Dynamiek van fruitmotten in biologisch pitfruit

De aanleiding van het nieuwe CCBT-project 'Dynamot' is de recente gestegen problematiek rond vruchtborende rupsen in de biopitfruitteelt. Mogelijke oorzaken zijn de verschijning van de oriëntaalse fruitmot (Grapholita molesta) en/of verminderde werking van de huidige gebruikte feromoonvallen en bestrijdingsstrategieën in de gewijzigde klimaatcondities. Het hoofddoel van dit project is via gericht praktijkonderzoek hier klaarheid in de scheppen.
Voldoet de ‘gewone aanpak’ voor de ‘gewone fruitmot’ niet meer?
Aangezien de gewone fruitmot (Cydia pomonella) als de meest belangrijke en voorkomende vruchtborende rupsensoort beschouwd wordt in België (zowel in de bio- als IPM-teelt) is de huidige beheersingsstrategie in hoofdzaak hierop afgestemd. In praktijk wordt fruitmot vandaag de dag in de bioteelt bestreden door enerzijds de feromoonverwarringstechniek en anderzijds één of meerdere behandelingen met C. pomonella granulovirus preparaten.
Maar mogelijk zijn er nu andere vruchtborende rupsen in het spel, zoals de oriëntaalse fruitmot (Grapholita molesta) (ook grijze fruitmot of perzikmot genoemd), kleine fruitmot of de pruimenmot (Grapholita funebrana). Deze fruitmotsoorten werden immers reeds aangetroffen in een aantal biopitfruitboomgaarden. Dit zou kunnen verklaren waarom de huidige gebruikte biologische gewasbeschermingsmiddelen, die specifiek zijn voor fruitmot C. pomonella (en dus niet werkzaam tegen deze andere fruitmotsoorten), het probleem niet kunnen beheersen.
Bemonsteringscampagne en evaluatie van nieuwe feromoondoppen
Gedurende drie opeenvolgende seizoenen voorzien we een uitgebreide bemonsteringscampagne bij biologische pitfruitbedrijven op minimaal 4 verschillende locaties.
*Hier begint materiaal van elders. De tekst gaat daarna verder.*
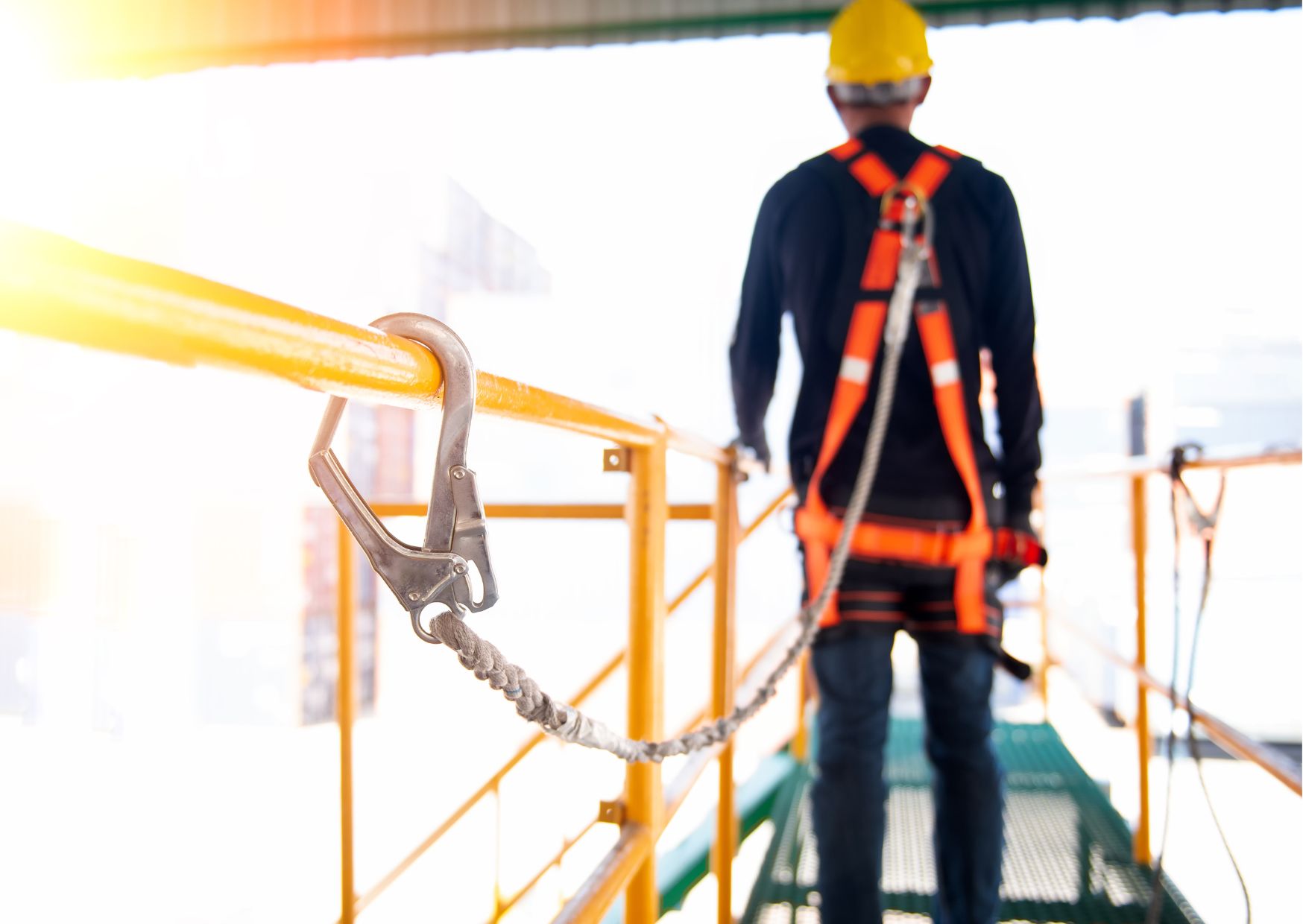 Construction Safety Online Training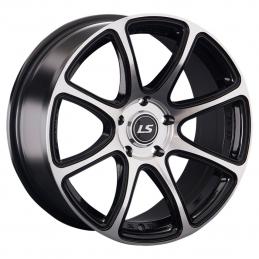 LS 327 7.5x17 PCD5x114.3 ET40 Dia73.1 BKF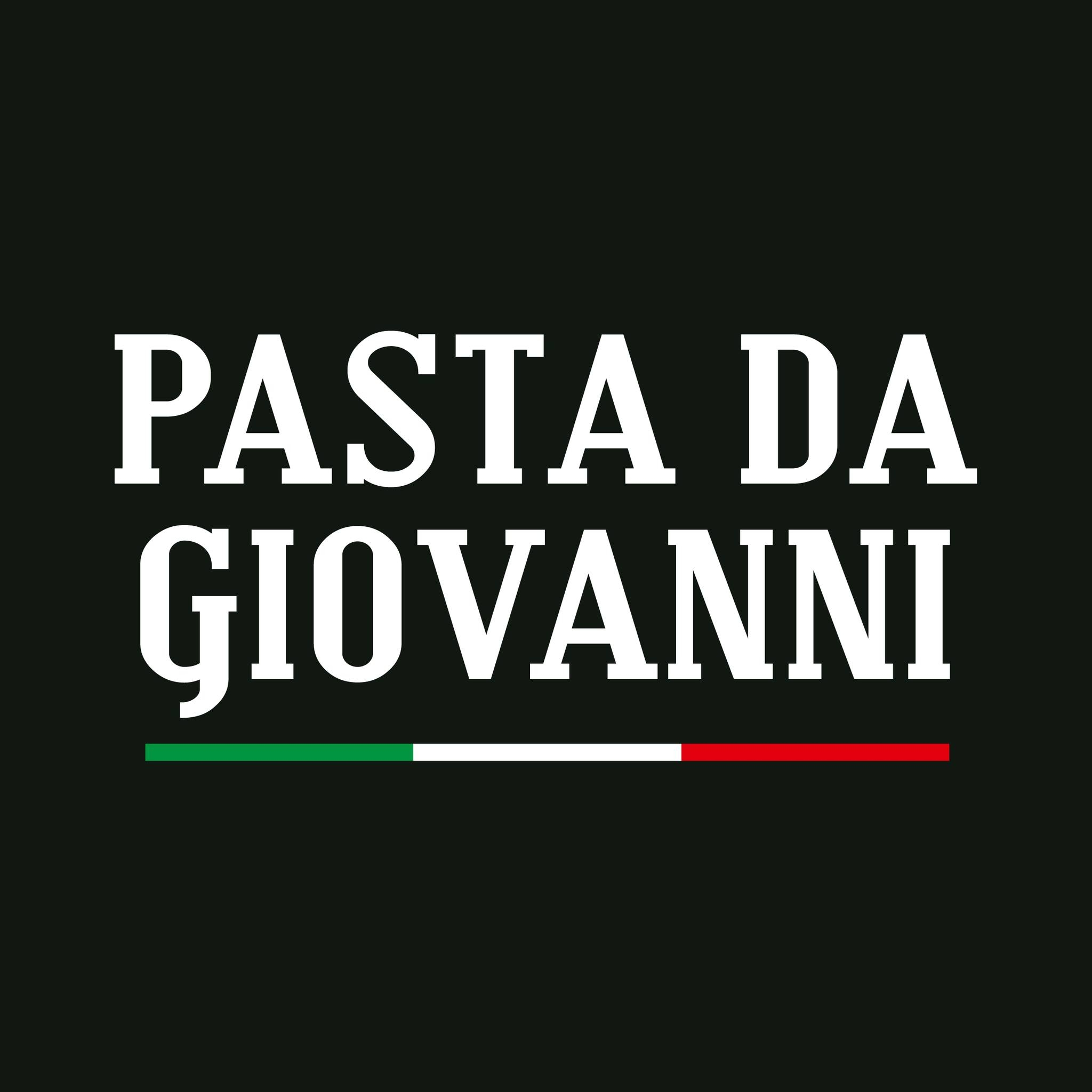 Pasta Da Giovanni - la fabrique de pâtes fraîches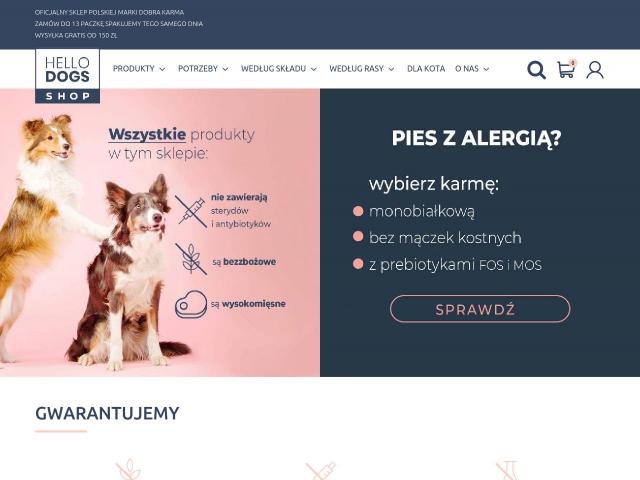 Hellodogs.pl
De betreffende boomgaarden worden geselecteerd op basis van het voorkomen van bovengemiddelde/hoge schade door vruchtborende rupsen de afgelopen seizoenen. Op elke locatie worden wekelijks verschillende vallen (met verschillende (recent ontwikkelde) feromoondoppen voor verschillende soorten) opgevolgd. Naast de motten worden ook rupsen uit beschadigde vruchten verzameld en in de diepvries bewaard voor soortidentificatie met behulp van moleculaire technieken.
Uitwerking van een snelle betrouwbare moleculaire diagnostiek
Herkenning en soortidentificatie van de motten is verre van eenvoudig. Voor rupsen is het nog moeilijker, en hiervoor geeft zelfs een morfologisch onderzoek met een binoculair microscoop vaak nog geen 100% zekerheid over de soort. Daarom zullen alle verzamelde stalen via een specifieke PCR-procedure moleculair worden geanalyseerd, waarmee verschillende soorten (waar onder C. pomonella en G. molesta) van elkaar kunnen onderscheiden worden. Zodoende kunnen we met zekerheid uitsluitsel geven over de soortidentiteit. De ervaringen en expertise die we opbouwen met deze moleculaire analysetechniek zullen toelaten om in de toekomst deze snelle zekere identificatiemethode aan te bieden voor efficiënte diagnostiek tijdens het seizoen.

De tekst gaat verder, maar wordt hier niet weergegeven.